1.10. Convenience: module and class stack

Repeating the module and the class each time a function, method, type or constant is addressed by means of qualified identifier (dot notation) can become a little annoying. Therefore the extension is equipped with state stacks for modules and classes.

Modules

Once you push a module name to the stack, all subsequent qualified identifiers for objects will be assumed to belong to that module:

.. wtrl_push_current_module:: test_docitem_module_3

This pushes the module name to the module stack and creates a message in the document:

Classes and functions below this point implicitly belong to package/module test_docitem_module_3.
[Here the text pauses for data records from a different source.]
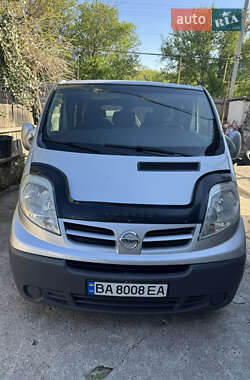 Мінівен Nissan Primastar 2007 в Кропивницькому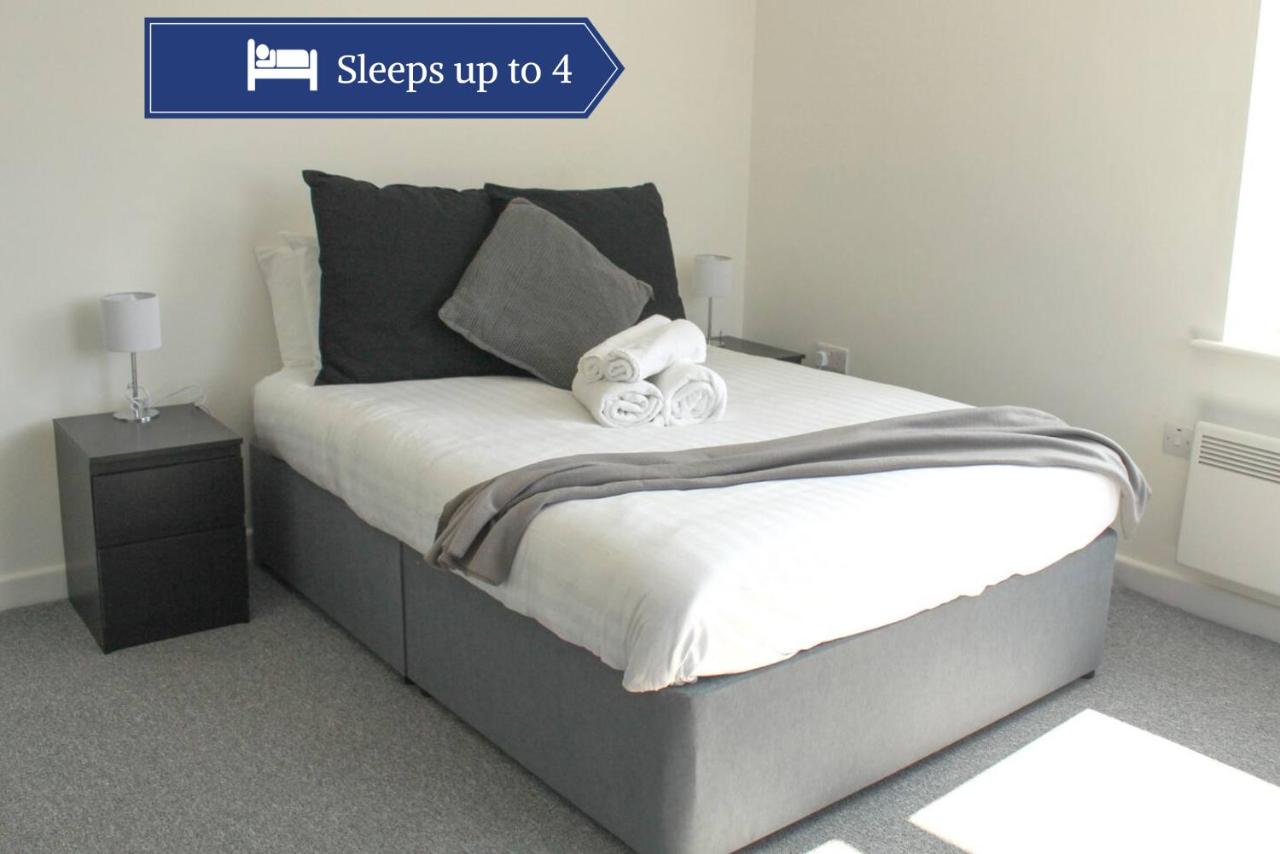B&B Heywood - 1Bed Apartment in Heywood with Transport Links - Bed and Breakfast Heywood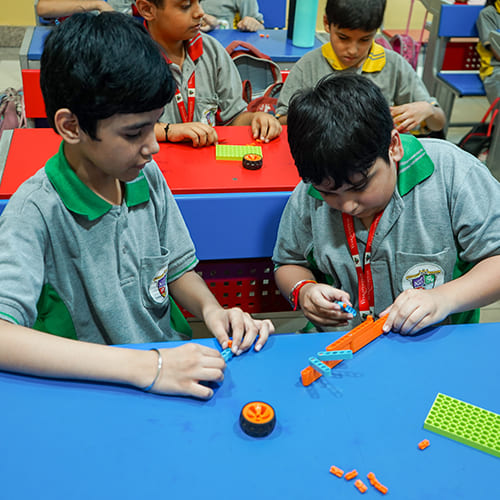 best school in Gurgaon for overall development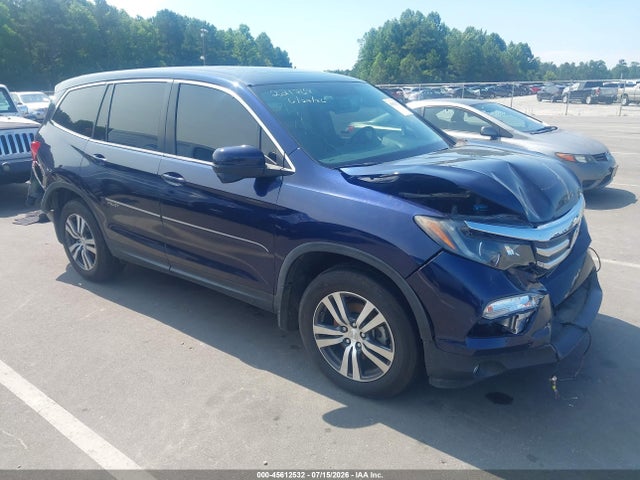2018 HONDA PILOT EX-L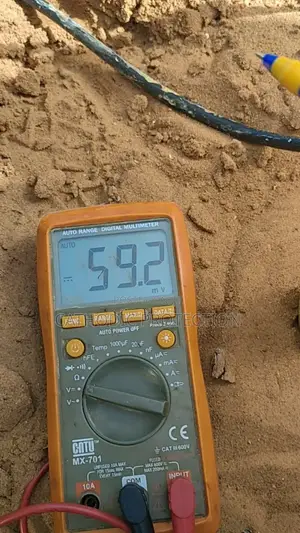 Cathodic Protection and Services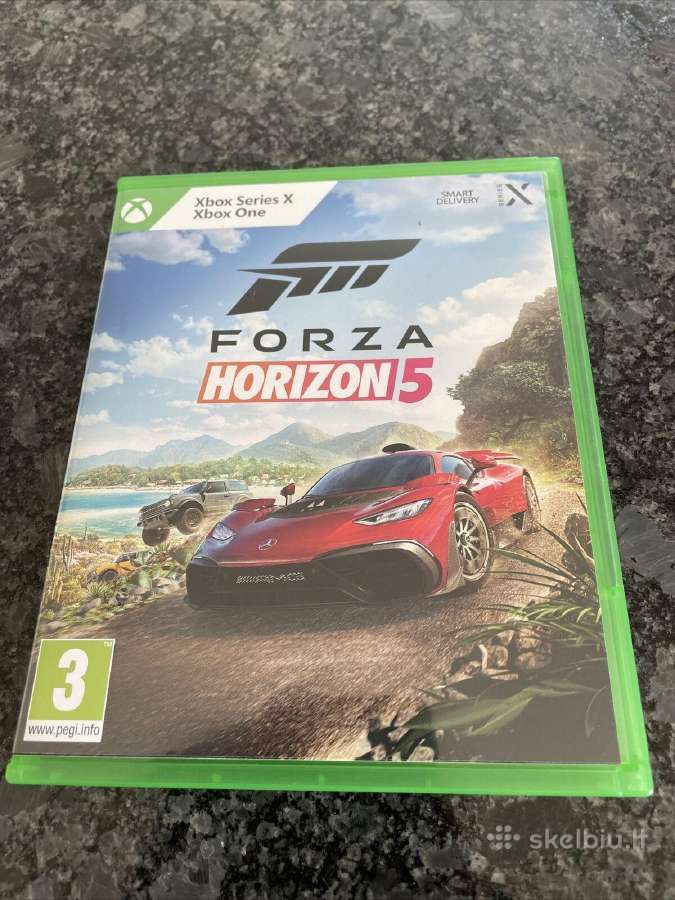 Xbox One S, X ir Series X žaidimai - nuotraukos Nr. 2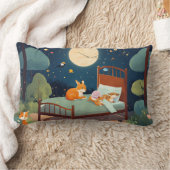 Coussin Rectangle rêves doux (Couverture)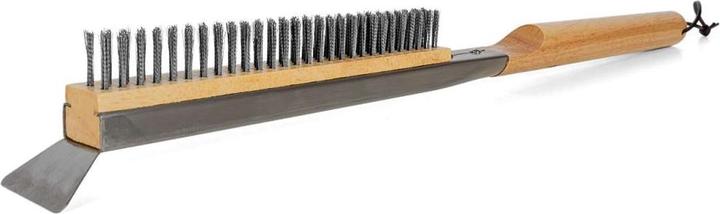 Image du produit Fumosa Pizzaofenbürste mit Schaber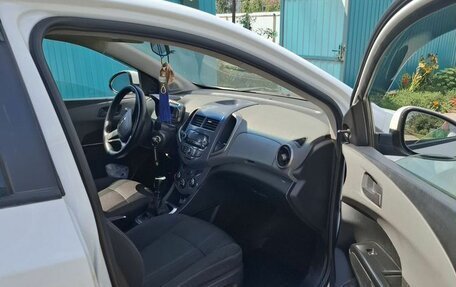 Chevrolet Aveo III, 2012 год, 510 000 рублей, 3 фотография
Now since we have a default module, a class in the module is simply addressed by for instance:

.. wtrl_autodoc_class:: MyClass

instead of

.. wtrl_autodoc_class:: test_docitem_module_3.MyClass

In order to close the domain of the default module, add a directive:

.. wtrl_pop_current_module:: test_docitem_module_3

and in the text you will see:

Default module qualifier test_docitem_module_3 ends here. No default module active.

Classes

The same mechanism is provided for class level as well. The purpose here is to avoid repeating the class name over and over again in comprehensive documentations of methods. The push-command reads:

.. wtrl_push_current_class:: test_docitem_module_3.MyClass

which creates a text snippet:

Methods below this point implicitly belong to class test_docitem_module_3.MyClass.

whereas the pop-command is

.. wtrl_pop_current_class:: test_docitem_module_3.MyClass

which is rendered as:

Default class qualifier test_docitem_module_3.MyClass ends here. No default class active.

1.11. Project Name

This subsection is informative.

The name of the project is loosely inspired by the song “Waterloo Sunset” by The Kinks, which refers to the London Underground station Waterloo. The station itself, in turn, is named after the Battle of Waterloo in Belgium.

Any deeper semantic connection to the project should not be assumed. Nevertheless, the historical reference is not entirely inappropriate.